The U.S., Canada, and Mexico generate 31.7%, almost 1/3, of the world’s total GDP.
Goldman Sachs Research has issued a report on global GDP (Global Domestic Product) based on currency values. I have listed the GDP for the top 10 below. Beneath that, I offer some insights.
United States – 27.8%
China – 19.5%
Eurozone – 14.7%
Japan – 4.5%
India – 3.7%
United Kingdom – 3.3%
Canada – 2.3%
Russia – 2.2%
Brazil – 2%
Australia and South Korea – 1.8%
We in North America worry so much about being overtaken by China that we miss the fact that the U.S., Canada, and Mexico (1.6%) generate 31.7%, almost 1/3, of the world’s GDP.
China may be in second, but it is a powerhouse. It generates 5% more than the entire Eurozone. It will be interesting to see if China can maintain its share as it continues to stifle its entrepreneurial class.
India, which looks to pick up manufacturing at China’s expense, has a GDP (3.7%) that is one-fifth the size of China’s. It is difficult to see India making a serious run on China as the world’s manufacturing hub any time soon.
Former British colonies are known to have thriving economies. The reason given is that they inherited British Common Law with its heavy private property protections.

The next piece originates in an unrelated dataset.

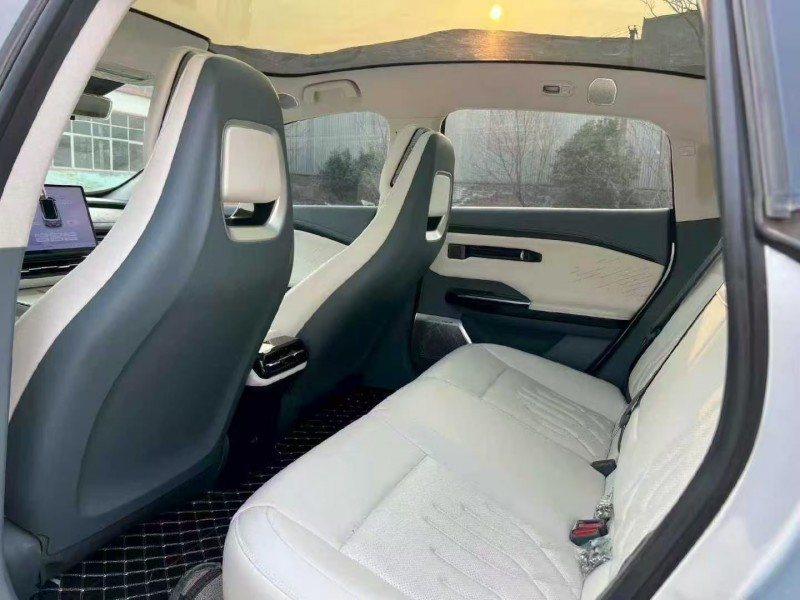 菏泽24年传祺昊铂GT5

I added the GDP for all the former colonies, and it amounted to 38.3% of global GDP.
Here is how it breaks out: Hong Kong (0.4%), the United States (27.8%), India (3.7%), Canada (2.3%), Australia (1.8%), Israel (0.6%), New Zealand (0.3%), Singapore (0.5%), Nigeria (0.5%), and South Africa (0.4%) account for 38.3% of global GDP.